## Data for this task
::::::::

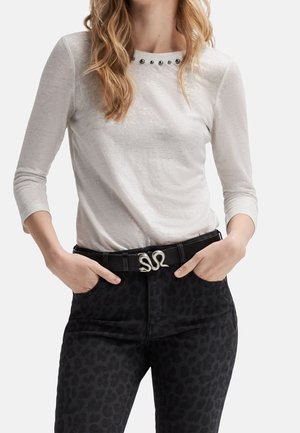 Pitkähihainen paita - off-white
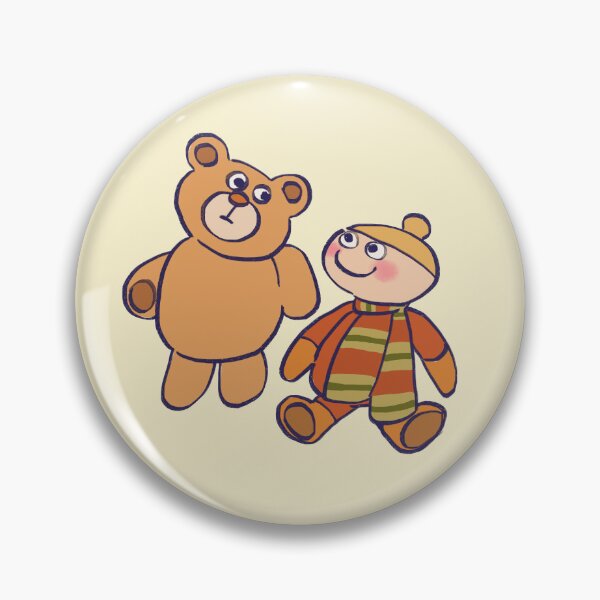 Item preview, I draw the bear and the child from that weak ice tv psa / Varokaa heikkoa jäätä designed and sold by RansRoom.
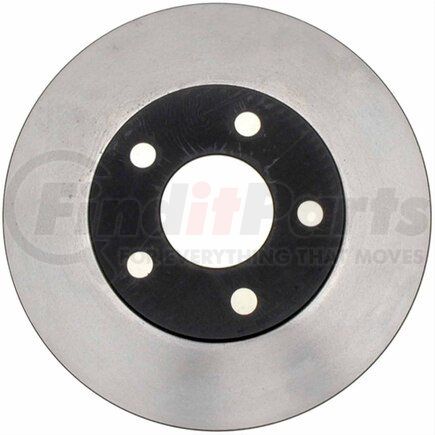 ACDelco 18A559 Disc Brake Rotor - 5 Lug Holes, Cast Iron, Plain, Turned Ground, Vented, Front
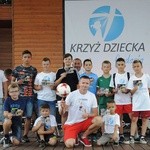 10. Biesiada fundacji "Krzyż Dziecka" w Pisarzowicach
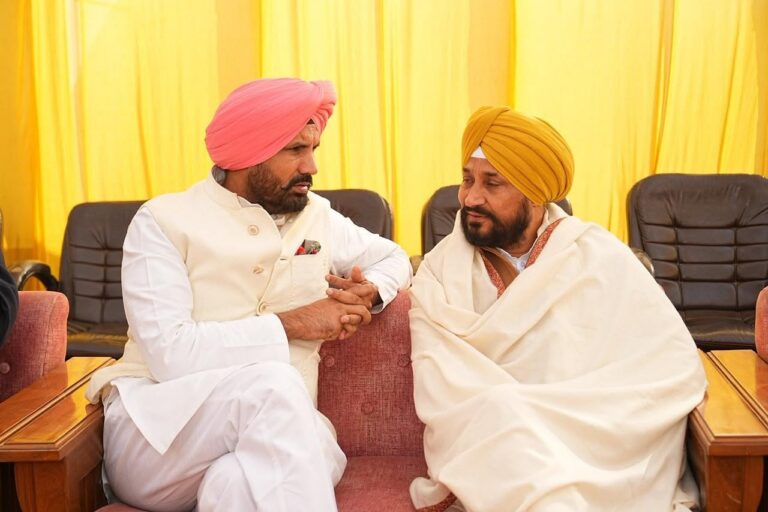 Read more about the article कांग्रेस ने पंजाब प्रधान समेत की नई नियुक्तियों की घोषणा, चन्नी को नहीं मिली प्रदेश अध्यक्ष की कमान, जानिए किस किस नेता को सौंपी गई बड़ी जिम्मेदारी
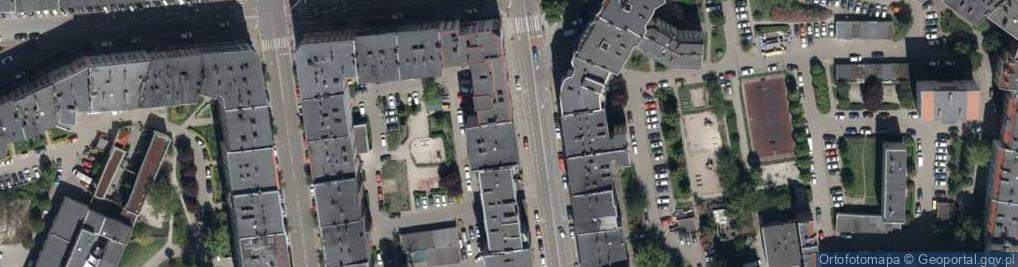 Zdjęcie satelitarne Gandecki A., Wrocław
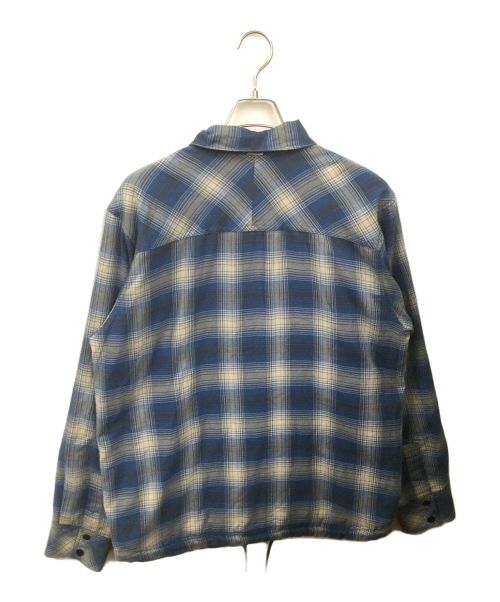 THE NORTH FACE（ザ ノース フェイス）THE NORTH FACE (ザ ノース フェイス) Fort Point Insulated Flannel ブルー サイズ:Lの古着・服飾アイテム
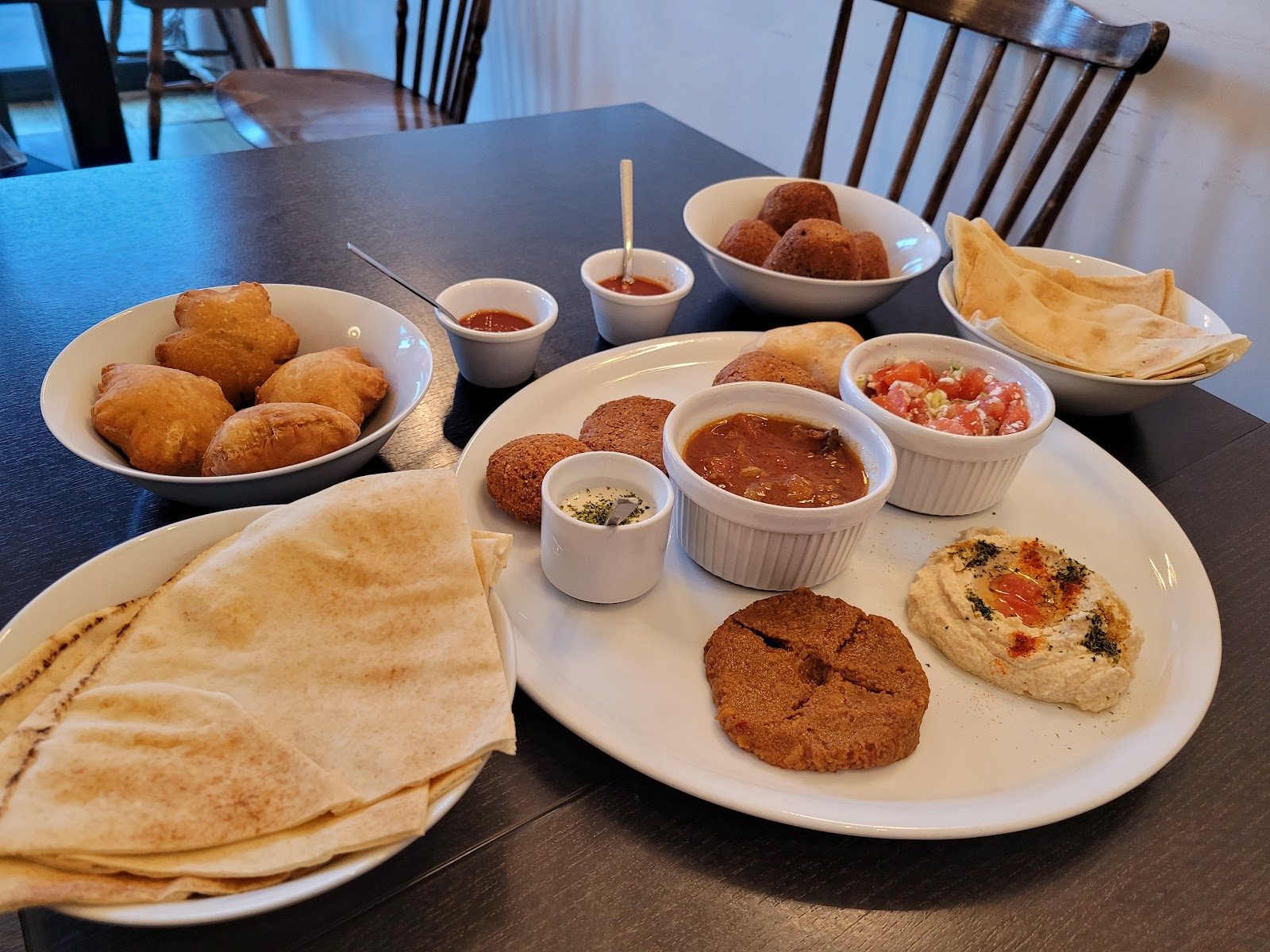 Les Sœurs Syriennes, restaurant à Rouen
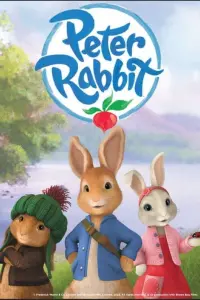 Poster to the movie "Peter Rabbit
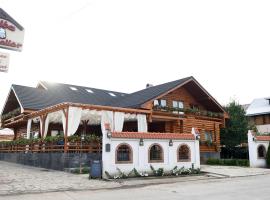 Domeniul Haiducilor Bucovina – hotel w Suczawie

::::::::

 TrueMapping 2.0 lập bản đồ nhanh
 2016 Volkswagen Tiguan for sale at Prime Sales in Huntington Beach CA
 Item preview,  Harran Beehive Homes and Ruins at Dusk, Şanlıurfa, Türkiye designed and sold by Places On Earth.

::::::::

## Work request
Print only what lies in the material above starting at the line with "TrueMapping 2.0 lập bản đồ nhanh" and ending at the line with "Places On Earth.", every line exactly as given.

## Final answer
 TrueMapping 2.0 lập bản đồ nhanh
 2016 Volkswagen Tiguan for sale at Prime Sales in Huntington Beach CA
 Item preview,  Harran Beehive Homes and Ruins at Dusk, Şanlıurfa, Türkiye designed and sold by Places On Earth.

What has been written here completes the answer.